[How to complete this task]
Set the listing down exactly; no pictures.

[Given data]

------------------------------------------------------------------------

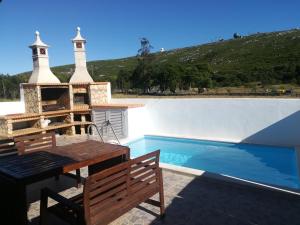 a villa with a swimming pool and a table and bench at Montejunto Villas-Casa do Esquilo in Cadaval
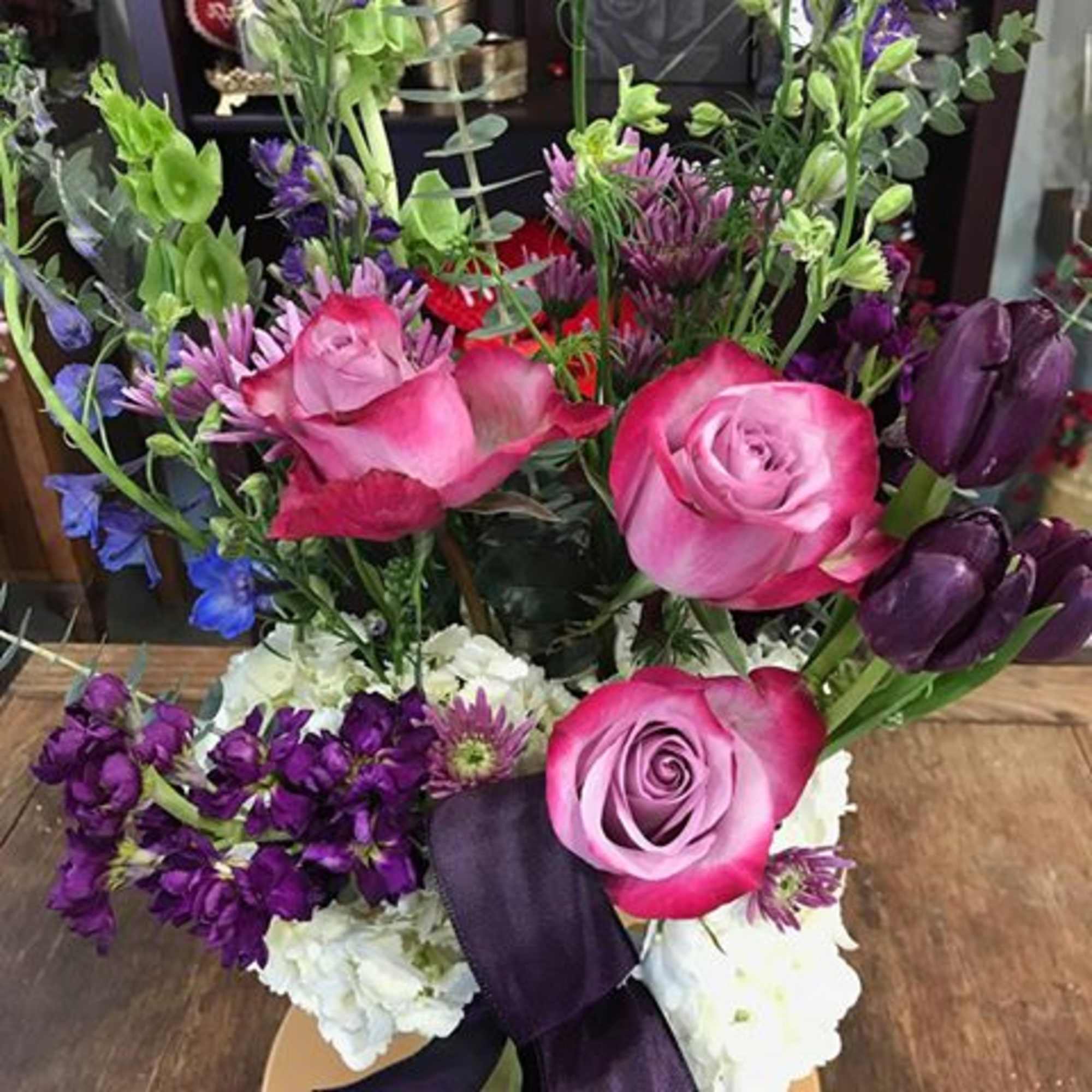 This bouquet displays the richness of the dark purple. 
This arrangement features:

------------------------------------------------------------------------

[Answer to the problem]
 a villa with a swimming pool and a table and bench at Montejunto Villas-Casa do Esquilo in Cadaval
 This bouquet displays the richness of the dark purple. 
This arrangement features:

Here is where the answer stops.